* _WHAT TO PRODUCE_:
An exact copy of the lines from the start of the material below through the line containing "Warrior T2 Twin" is the required answer, and it includes no pictures.

* _DATA FOR PROCESSING_:

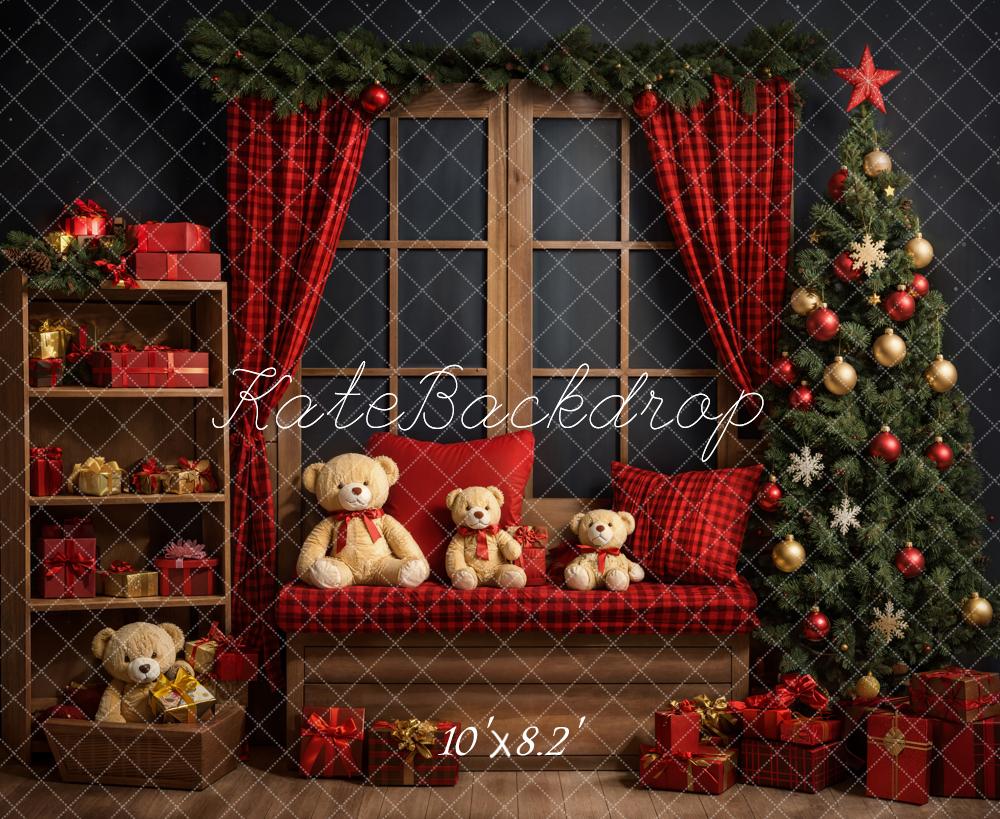 Kate Weihnachten Teddybär Roter Karo Vorhang Brauner Fensterrahmen Graue Wand Hintergrund entworfen von Emetselch - Kate Backdrop.de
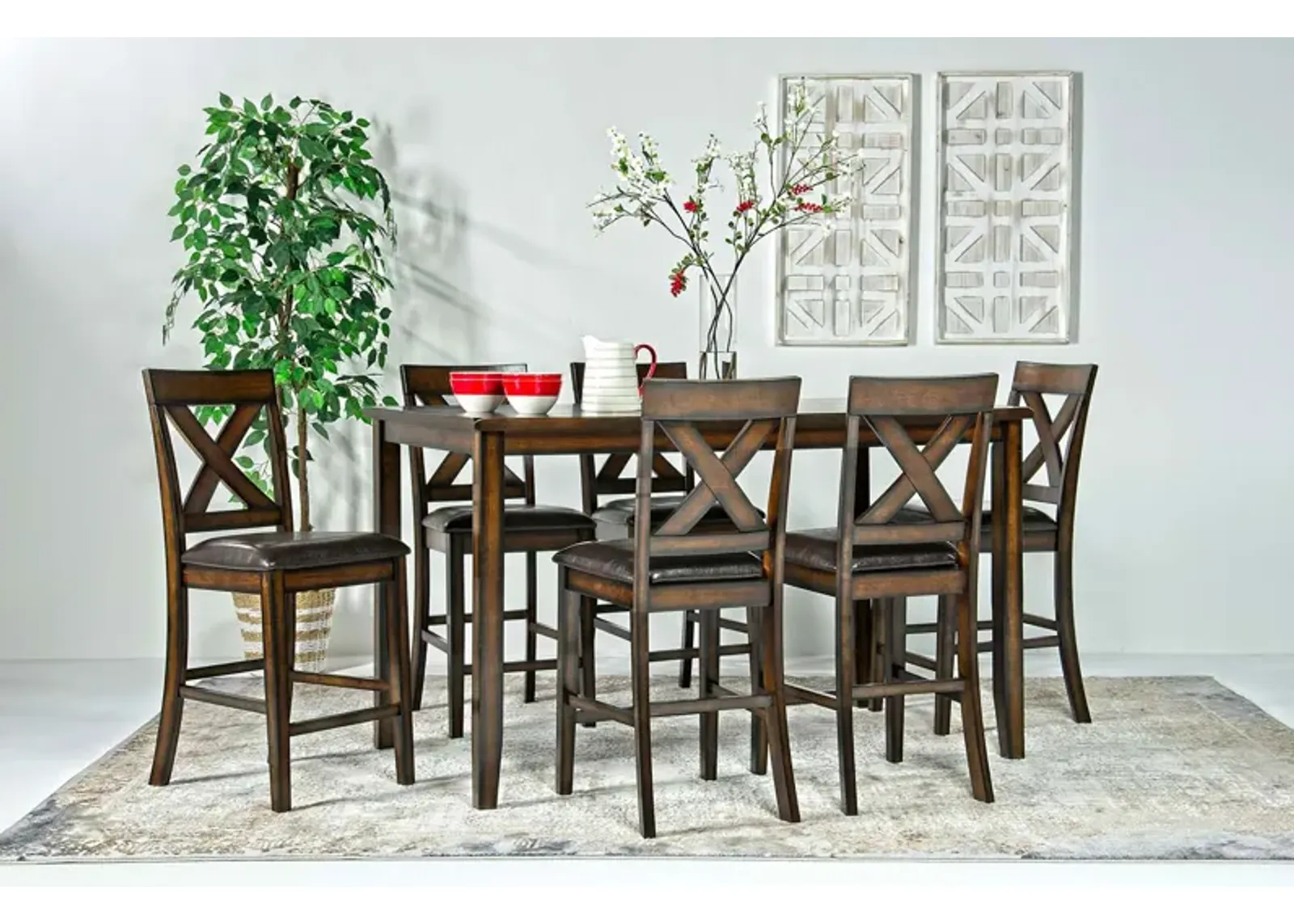 Palm Springs Counter Height Dining Table & 6 Stools in Brown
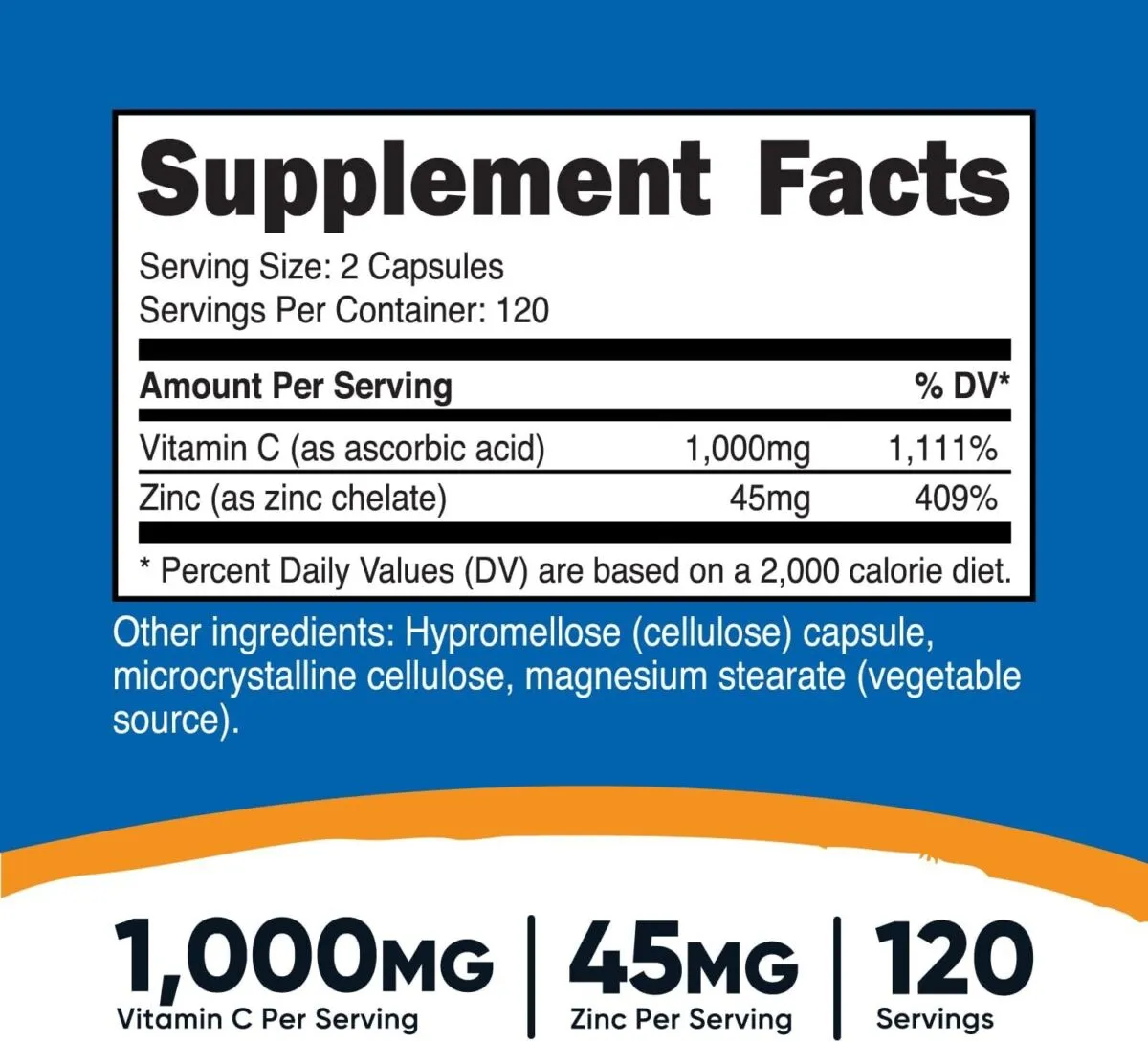 Nutricost Vitamin C with Zinc Supplement Capsules, 120 Servings - 1000mg - Image 4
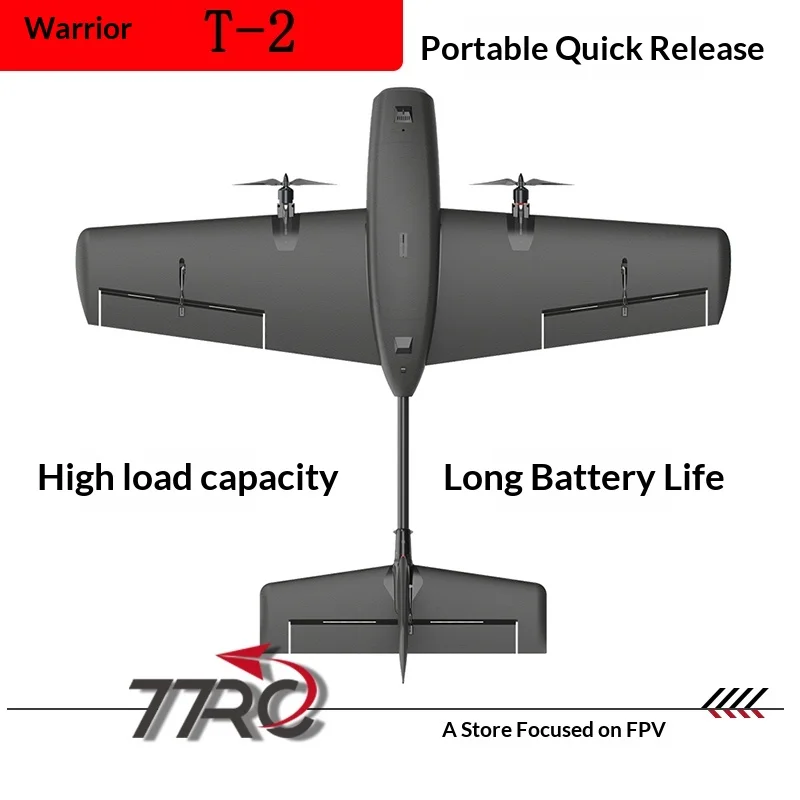 Warrior T2 Twin Engine Y3 Hanging Fixed Wing Fpv Model Aircraft Wingspan 1200mm Epp Material Remote-Controlled Model Aircraft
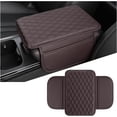 thumbnail image 1 of Yazoeia Car Center Console Cover, Leather Vehicle Car Armrest Protector Cushion with 2 Side Storage Pockets, Comfortable Auto Interior Decorative Accessories, Universal for SUV, Truck, CJC912-116094, 1 of 6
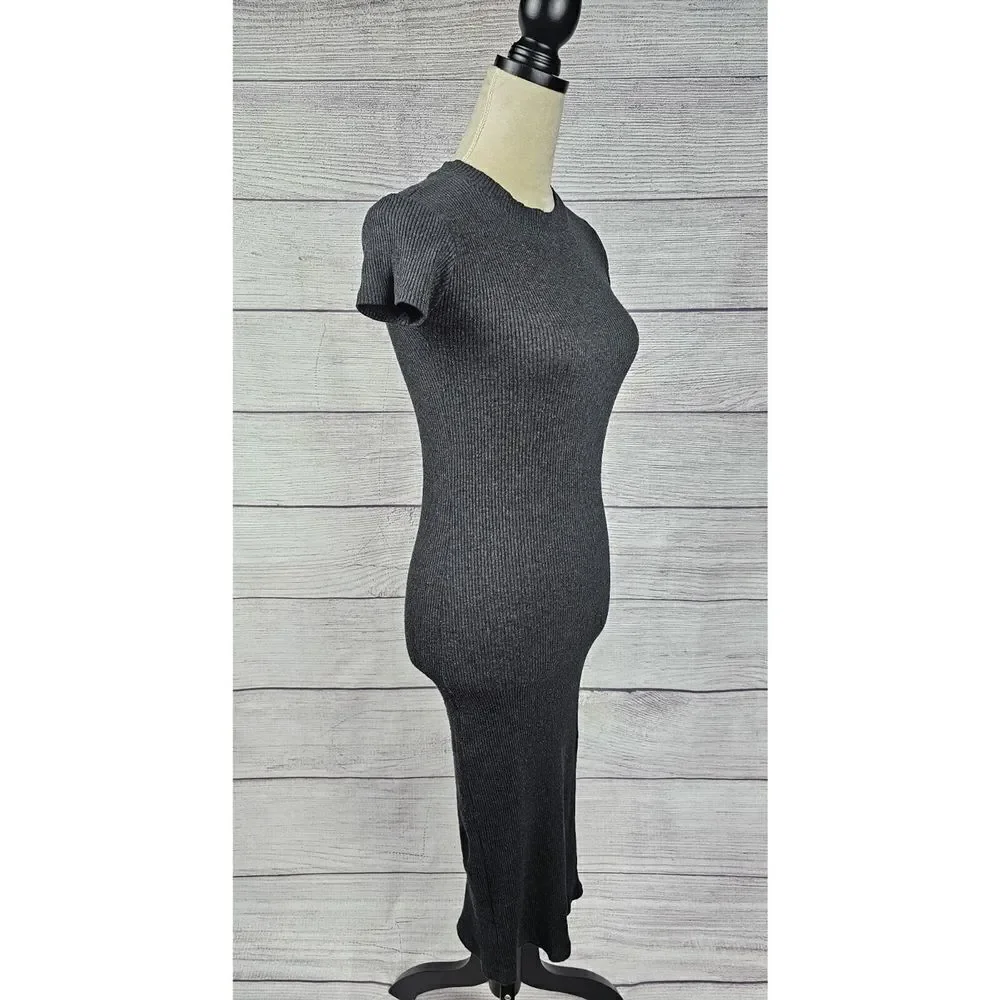 Zara Trafuluc Ribbed Short Sleeve Bodycon Midi Dress Grey Size Small - Picture 5 of 7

* _WRITTEN ANSWER_:
 Kate Weihnachten Teddybär Roter Karo Vorhang Brauner Fensterrahmen Graue Wand Hintergrund entworfen von Emetselch - Kate Backdrop.de
 Palm Springs Counter Height Dining Table & 6 Stools in Brown
 Nutricost Vitamin C with Zinc Supplement Capsules, 120 Servings - 1000mg - Image 4
 Warrior T2 Twin Engine Y3 Hanging Fixed Wing Fpv Model Aircraft Wingspan 1200mm Epp Material Remote-Controlled Model Aircraft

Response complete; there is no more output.